1) a kind of structure-based figure clustering algorithm is devised based on density peak thought, which does not need adjusting parameter, Precision is high, can obtain cluster, bridge vertex and abnormal vertex, there is theoretical guarantee and experiment to guarantee.

2) define three new measurements for each vertex: local density relies on vertex and dependence similarity.Based on this A little measurements can obtain the decision diagram exclusively for G- Design, can be obtained according to the demand of user by decision diagram certain amount of Cluster or automatic identification cluster number.

3) for the operation of accelerating algorithm, the present invention devises DP-Index index structure.It is quiet based on this index structure State structure chart clustering algorithm can efficiently calculate reasonable cluster online as a result, make Algorithms T-cbmplexity only with vertex quantity It is related.

4) in order to which algorithm is suitable for Dynamic Graph, the present invention devises the data structure of entitled dependency graph, and according to dependence Figure designs corresponding algorithm for the dynamic change of figure, obtains cluster result and cluster evolution event in real time.

Detailed description of the invention

Fig. 1 is the non-directed graph example of the specific embodiment of the invention；

Fig. 2 is the decision diagram example of the specific embodiment of the invention；

Fig. 3 is the dependency graph example of the specific embodiment of the invention；

Fig. 4 is the increase side (v of the specific embodiment of the invention₅, v₆) after non-directed graph example；

Fig. 5 is the increase side (v of the specific embodiment of the invention₅, v₆) after decision diagram example；

Fig. 6 is the increase side (v of the specific embodiment of the invention₅, v₆) after dependency graph example；

Fig. 7 is the cluster evolution event of the specific embodiment of the invention；

Fig. 8 is the algorithm flow chart of the specific embodiment of the invention；

V in figure₁-v₁₁For the vertex in figure.

Specific embodiment

The present invention is described further in conjunction with attached drawing.

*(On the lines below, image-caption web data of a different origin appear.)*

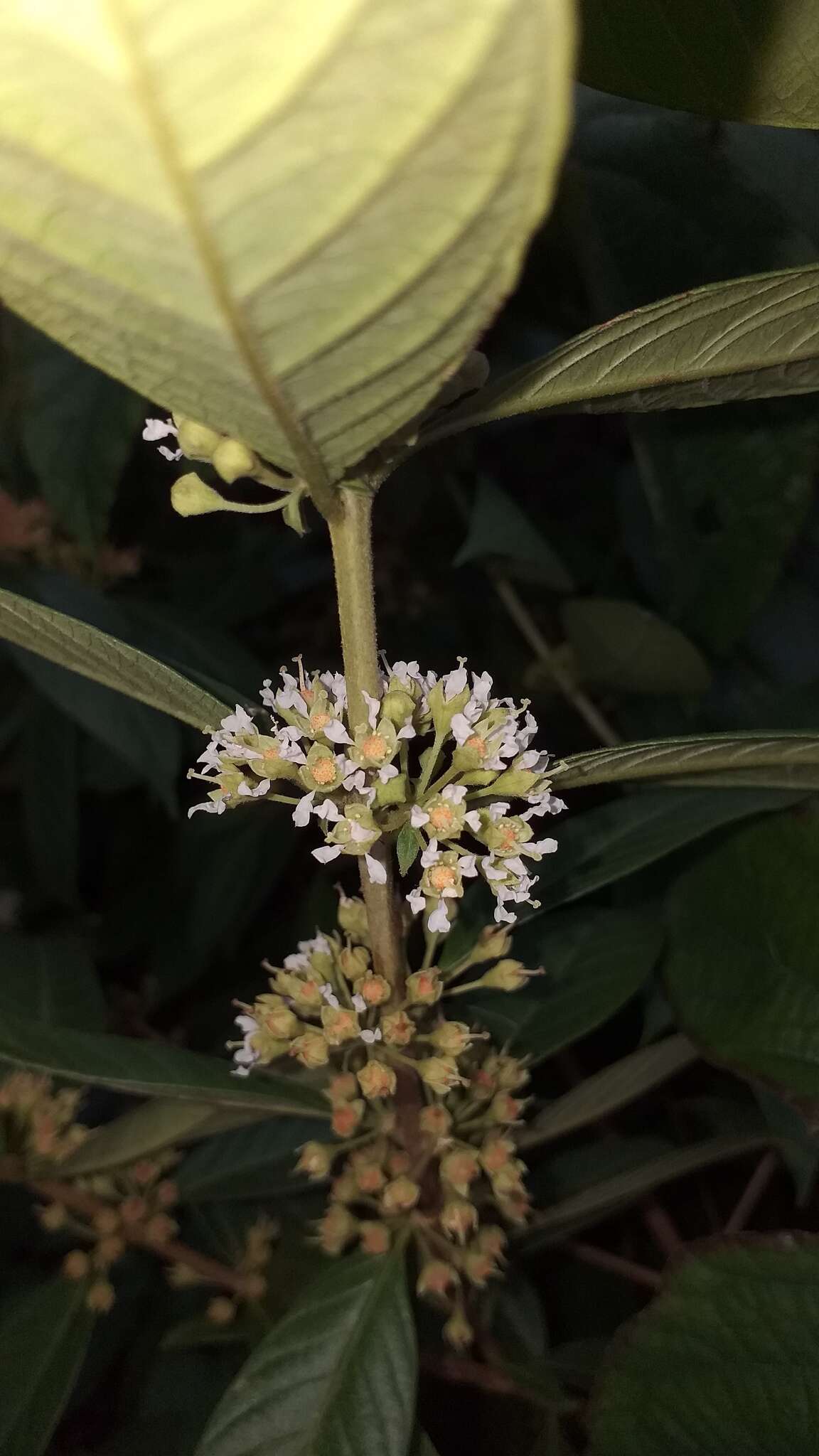 Adenaria resmi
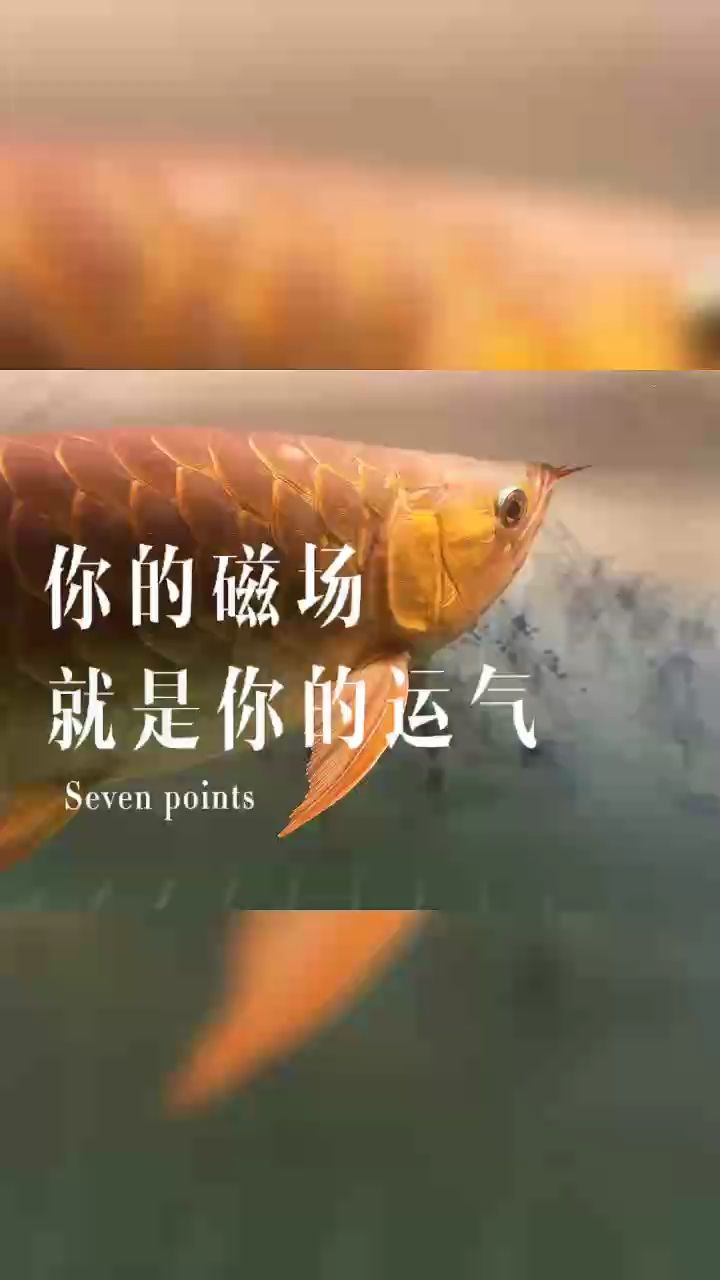 魚缸過濾器選購指南:自制魚缸過濾器魚缸上置過濾器對于養魚愛好者的必備知識 魚還是那魚 龍魚論壇 魚還是那魚 魚還是那魚 龍魚論壇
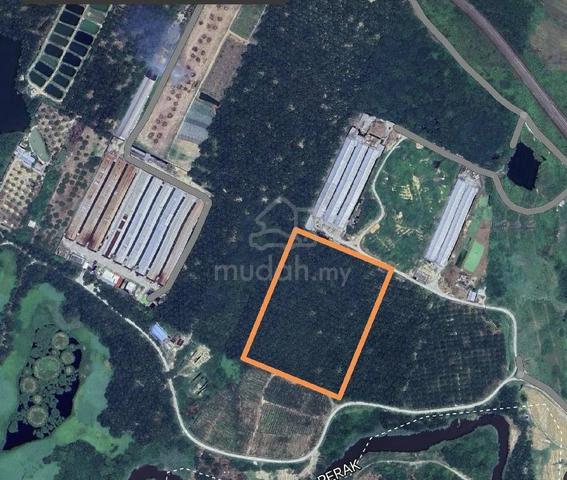 Agriculture Flat Land 1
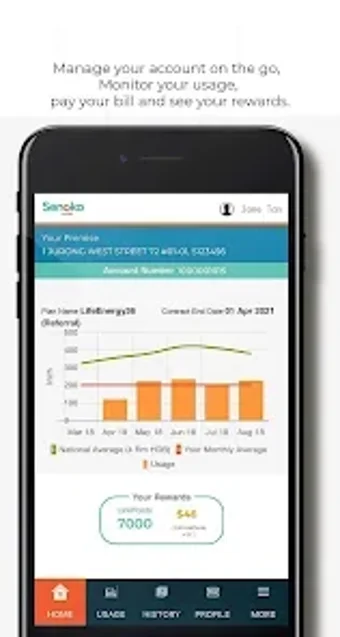 Imagen 0 para Senoko Energy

The algorithm mainly includes that the static structure figure clustering algorithm based on density peak and the Dynamic Graph based on density peak are poly- Class algorithm two parts.Static structure figure clustering algorithm main thought be structural similarity based on vertex in figure and neighbours vertex with Structure Dependence first defines the local density on vertex in figure, relies on vertex and rely on similarity, and generates DP-Index rope Draw；Then decision diagram is generated, density peak maximum and noise vertex in figure are found by decision diagram；It is obtained according to density peak maximum The cluster result set of figure carries out noise vertex set to divide the abnormal vertex set of acquisition and bridge vertex set.Dynamic based on density peak The result building dependency graph and DP-Index index that figure clustering algorithm is clustered in initial phase according to Static Density peak figure first； Then according to the dynamic change incremental update DP-Index index and dependency graph of figure, according to the variation of dependency graph and dependency graph The cluster result and cluster evolution event of Dynamic Graph are obtained in real time.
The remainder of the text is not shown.